I fell in love with VR for that concept of “being in a video game.” It takes away a passive effect for observing characters with controllers. Instead, VR puts us directly in the world to get the job done. In reality, there’s a chance for developers to invite us. Letting us become our favourite characters in big worlds like Halo, Assassin’s Creed or Grand Theft Auto. Five years after VR exploded into the consumer world, we’re still waiting for those behemoth studios to catch up.
That “AAA” term - in game language - derives from the highest quality product players can get. It’s a grade used by Canadian beef, gems and investment companies. Clearly, there’s a top standard when used interchangeably with just about anything. For games? AAA studios and games have been shaped by their most popular and successful franchises. Industry darlings like PlayStation Studios, Nintendo, Square Enix and Capcom are a few in mind. They’ve also mastered the art of making games for screens. Players are sitting still, doing everything from a controller.
Strangely, this traditional way of game making doesn’t work for VR. It’s not as simple as turning Liberty City, Midgard or Hyrule Castle life-sized. Then letting players run free in worlds they’ve dreamed of being surrounded in. Unfortunately, it’s also that straightforward belief causing VR’s few “AAA” games to suck. As a result, some of VR’s releases from big studios still play horribly. What should have been wish fulfillment results in disappointment from an otherwise qualified studio. Case in point: two successful WW2 franchises touching VR for the first time.
Recent titles including Sniper Elite VR, and Medal of Honor: Above & Beyond are obviously inspired by their console games. Both franchises worked best as console shooters before. But controls make all the difference for bringing a console game to VR spaces. Players might be familiar with how to move, aim and shoot with a similar control scheme. That’s because all traditional games can be mapped to one controller. It’s been like that for years to come, until VR threw a curveball at AAA studios.
There’s a certain level of care which comes with building a VR game. As mentioned, it’s not like dropping players into levels made for consoles. Developers in Sniper Elite VR were able to make a simulated world which wraps players around in 1:1 (life-sized) scale. This obviously means almost every game in VR would be a first person game. Sniper Elite VR certainly has detailed battlefields in WW2 Italy. But the entire shooting experience feels awkward, cluttered and janky. Guns lacked weight and stability. Shots would miss, leading to some clumsy reloads. Nazis would pile on the damage and pressure. VR players accidentally grab a grenade instead of ammo out of their belt.
As excited as I was for Sniper Elite to get that VR treatment, Rebellion Developments’ game didn’t exactly take a real advantage of the platform.
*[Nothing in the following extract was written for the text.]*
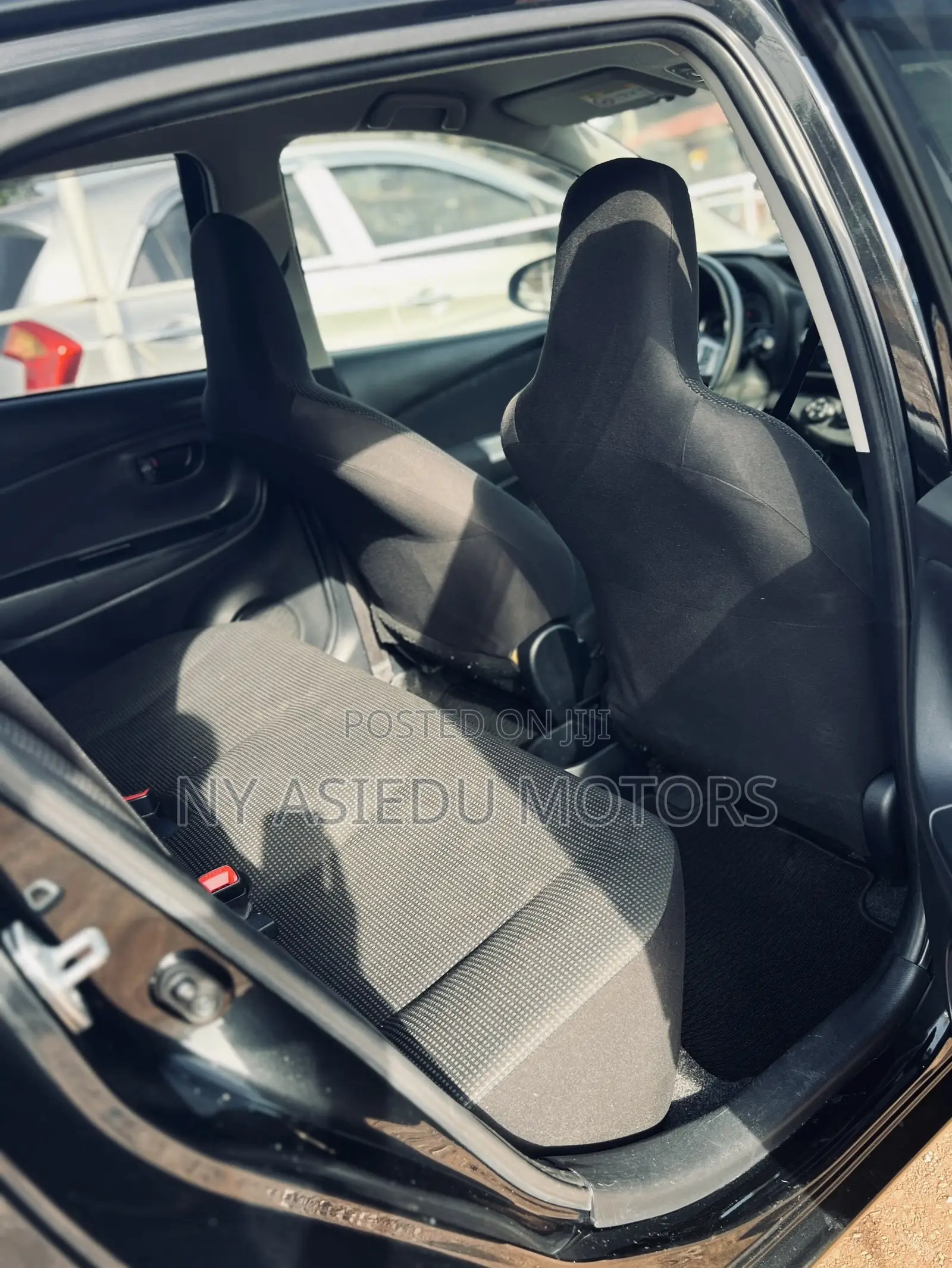 Toyota Vitz 1.3 FWD 5dr 2015 Black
Simply put, Sniper Elite was out of its element without consoles. A surprise given Rebellion Developments’ self-made experience as a AAA developer and publisher over the years. This happens more often as it should, when big studios attempt to make dreams come true with VR.
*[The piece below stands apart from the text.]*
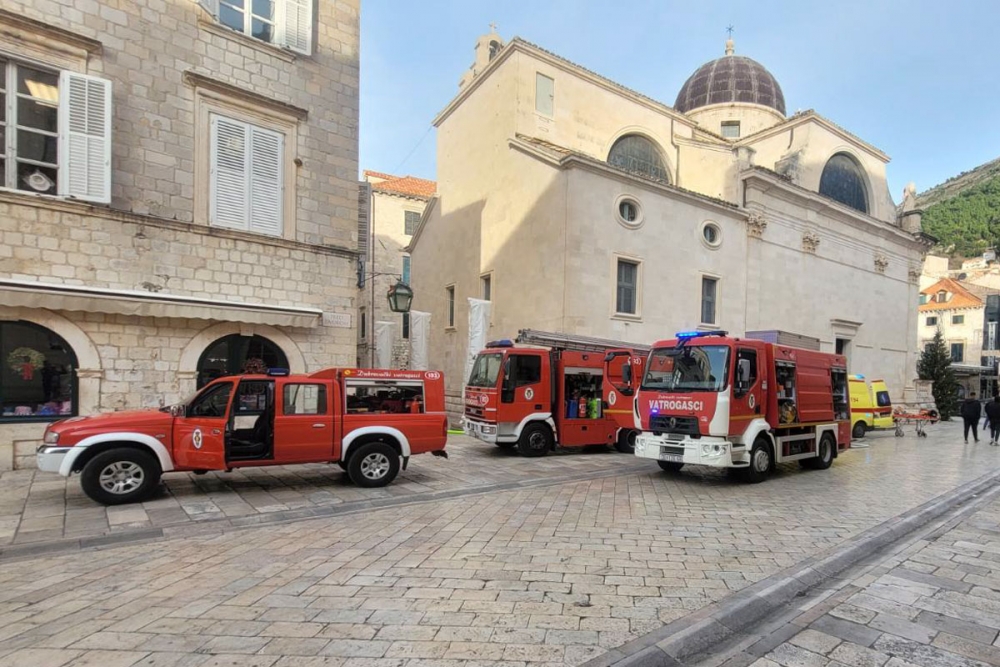 U požaru u stanu u Ulici Marojice Kaboge u Gradu smrtno stradao 66-godi&scaron;nji mu&scaron;karac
Sniper Elite’s jump to VR missed the standards for comfort and body controls. As per my review, it’s a console experience that should’ve worked better in virtual reality. Luckily, there are standards to tell bad VR experiences from very good ones. But only a few AAA studios have mastered made-for-VR games. Unlike those long-existing studios, smaller developers who’ve built their identities on VR are ahead of the curve. Studios like Survios, Skydance Interactive and ILMxLab are getting to handle AAA franchises where traditional ones can’t.
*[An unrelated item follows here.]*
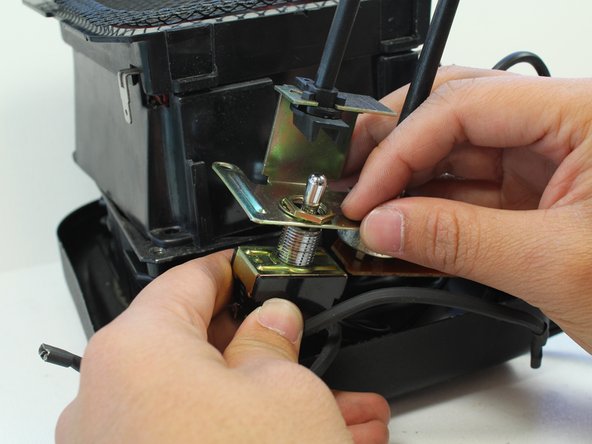 Royal Heat RS-100 Power/Fan Switch Replacement: crwdns2935265:011crwdnd2935265:02crwdnd2935265:02crwdne2935265:0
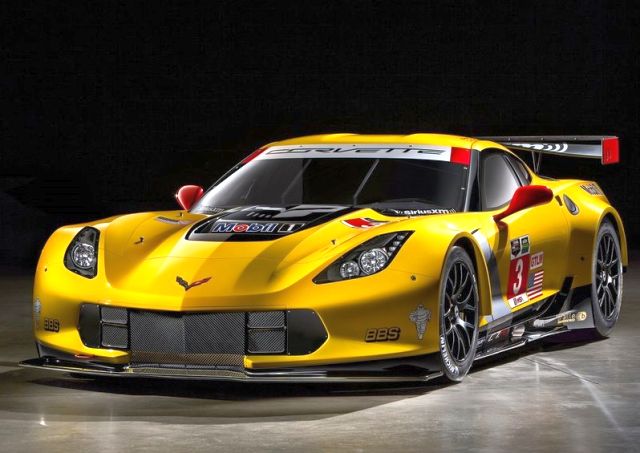 Corvette C7.R pistte ön yan görünüm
On the other hand, Medal of Honor: Above and Beyond features some excellent shooter mechanics for VR. AAA studio Respawn Entertainment took a bold step into virtual reality with some background knowledge. Its developers are at their most comfortable across smash hits like Apex Legends, Jedi Fallen Order and the Titanfall series. But entering VR with Medal of Honor somehow broke their hot streak.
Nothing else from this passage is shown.